I asked Schultz whether the fact that books were acquired without permission might damage a claim of fair use. “If the source is unauthorized, that can be a factor,” Schultz said. But the AI companies’ intentions and knowledge matter. “If they had no idea where the books came from, then I think it’s less of a factor.” Rebecca Tushnet, a law professor at Harvard, echoed these ideas, and told me that the law was “unsettled” when it came to fair-use cases involving unauthorized material, with previous cases giving little indication of how a judge might rule in the future.

Meta’s proprietary stance with LLaMA suggests that the company thinks similarly about its own work.

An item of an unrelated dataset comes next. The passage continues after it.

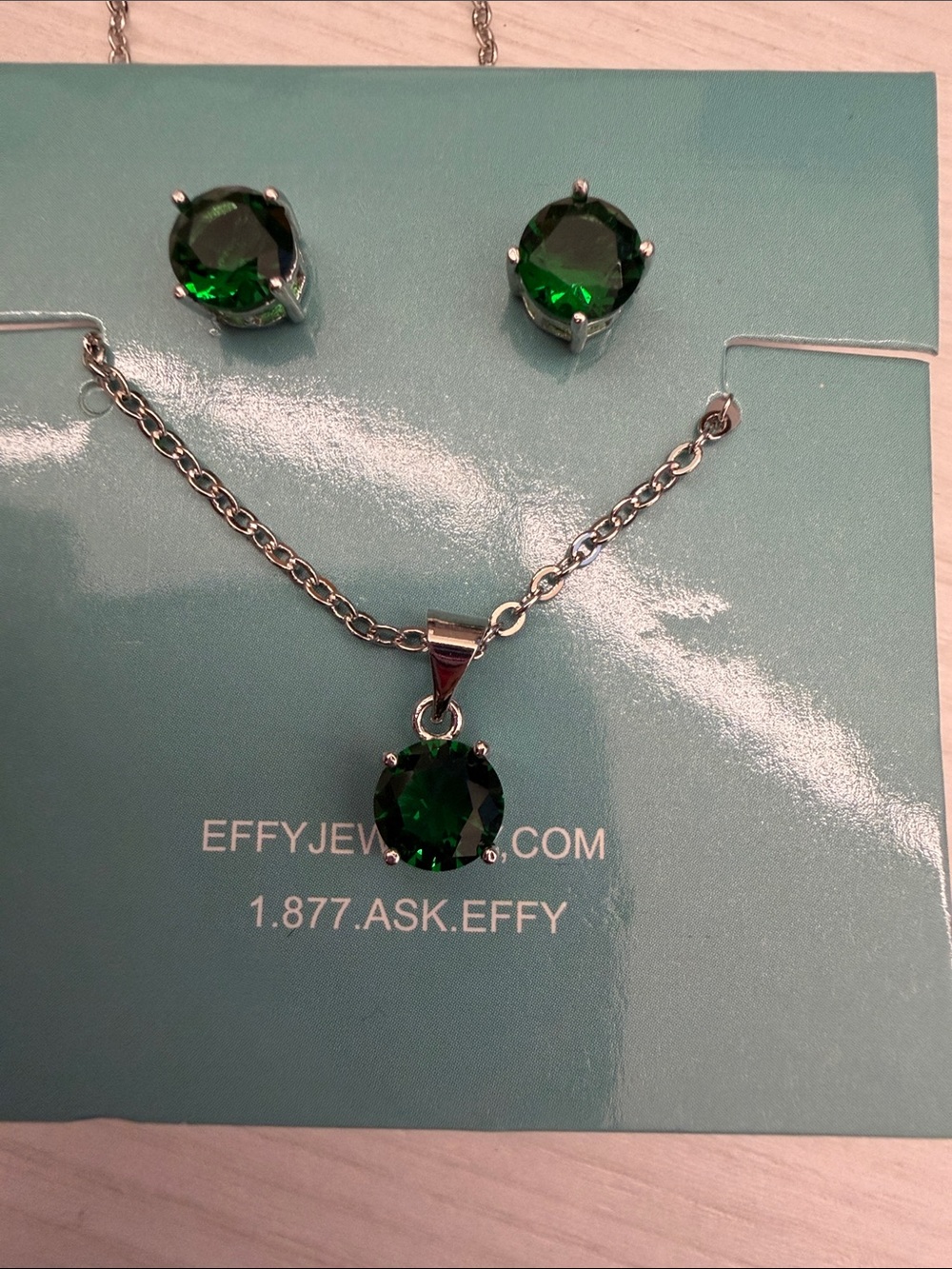 Sterling Silver 925 Effy Emerald Green Crystal Pendant Necklace w Matching Studs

After the model leaked earlier this year and became available for download from independent developers who’d acquired it, Meta used a DMCA takedown order against at least one of those developers, claiming that “no one is authorized to exhibit, reproduce, transmit, or otherwise distribute Meta Properties without the express written permission of Meta.” Even after it had “open-sourced” LLaMA, Meta still wanted developers to agree to a license before using it; the same is true of a new version of the model released last month. (Neither the Pile nor Books3 is mentioned in a research paper about that new model.)

Control is more essential than ever, now that intellectual property is digital and flows from person to person as bytes through airwaves. A culture of piracy has existed since the early days of the internet, and in a sense, AI developers are doing something that’s come to seem natural. It is uncomfortably apt that today’s flagship technology is powered by mass theft.

Yet the culture of piracy has, until now, facilitated mostly personal use by individual people. The exploitation of pirated books for profit, with the goal of replacing the writers whose work was taken—this is a different and disturbing trend.